■ Work instructions
Return all the data exactly, keeping the pictures out.

(Raw data begins)

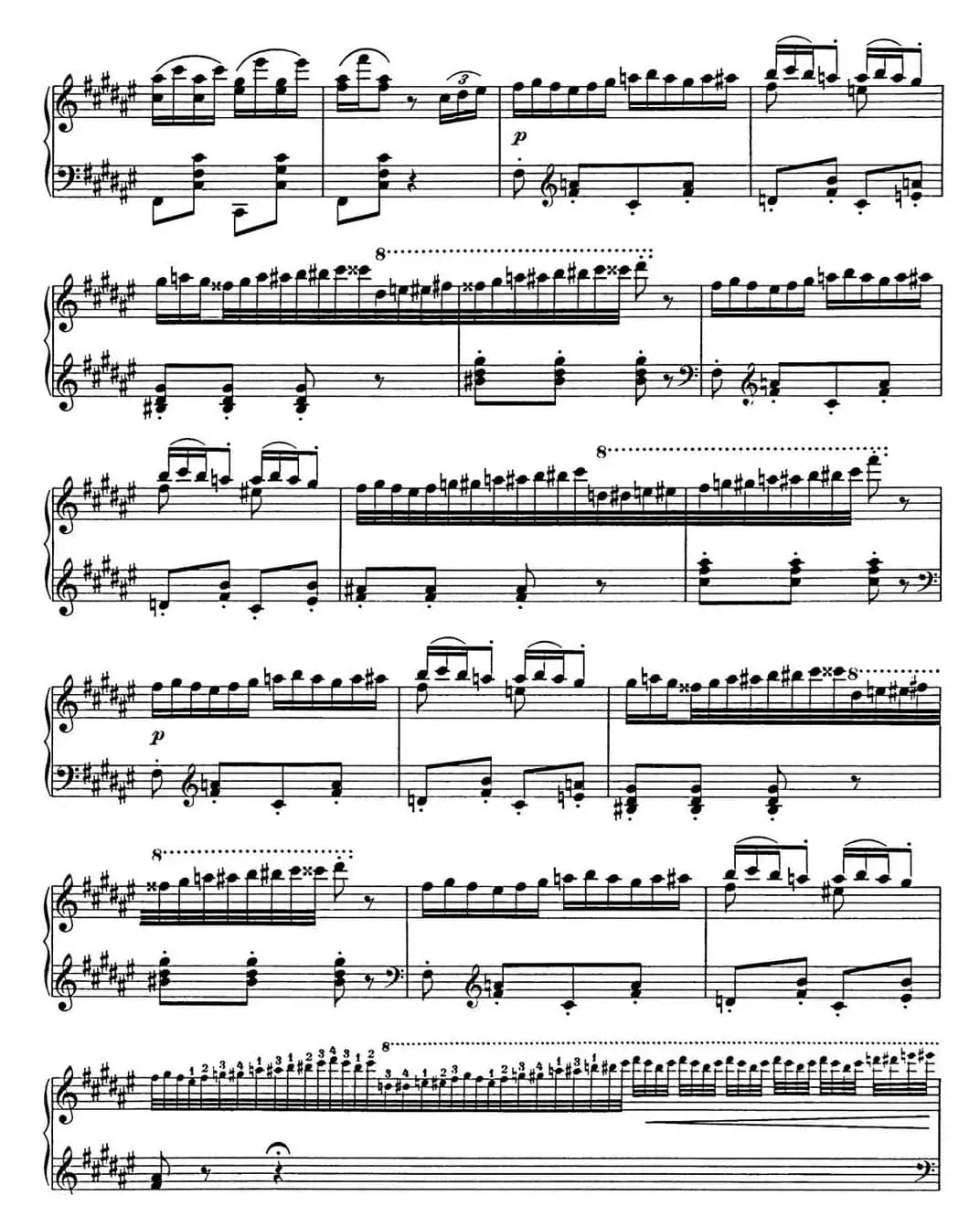 李斯特 匈牙利狂想曲 Hungarian Rhapsodies S.244 No.8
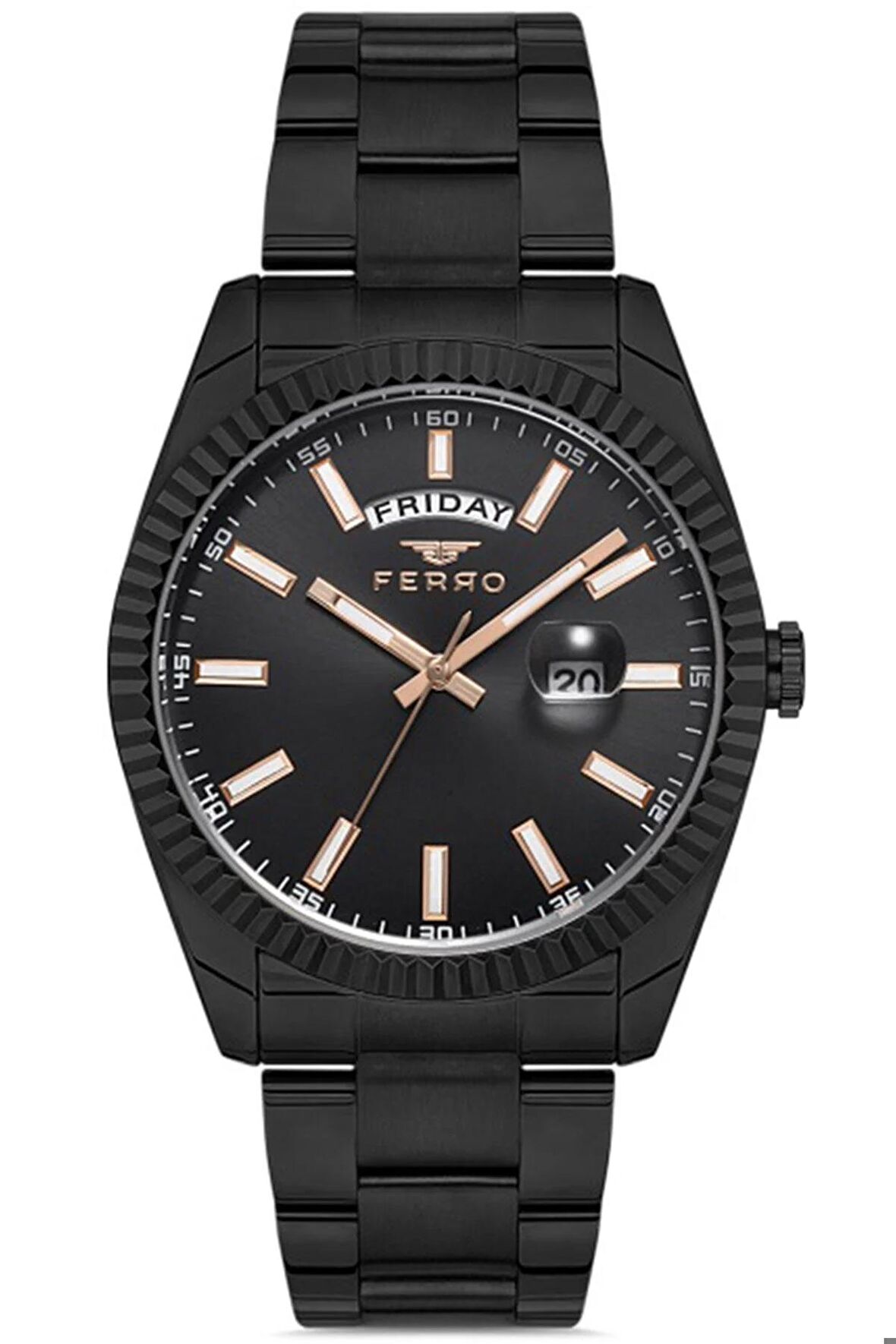 Erkek Çelik Kordon Kol Saati Çelik Kasa Paslanmaz Çelik Model Çift Takvimli Fonksiyon 2 Yıl Garantili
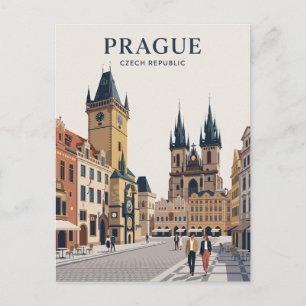 Carte Postale Place de la Vieille-Ville de Prague République tch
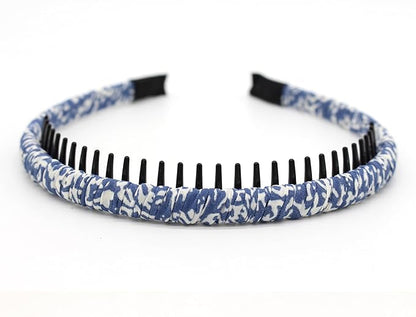 plastic headbands for women, fashion hair accessories headband with teeth Suitable Daily Use,Spa,Parties and yoga (pack of 4)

(Raw data ends)

■ Output below
 李斯特 匈牙利狂想曲 Hungarian Rhapsodies S.244 No.8
 Erkek Çelik Kordon Kol Saati Çelik Kasa Paslanmaz Çelik Model Çift Takvimli Fonksiyon 2 Yıl Garantili
 Carte Postale Place de la Vieille-Ville de Prague République tch
 plastic headbands for women, fashion hair accessories headband with teeth Suitable Daily Use,Spa,Parties and yoga (pack of 4)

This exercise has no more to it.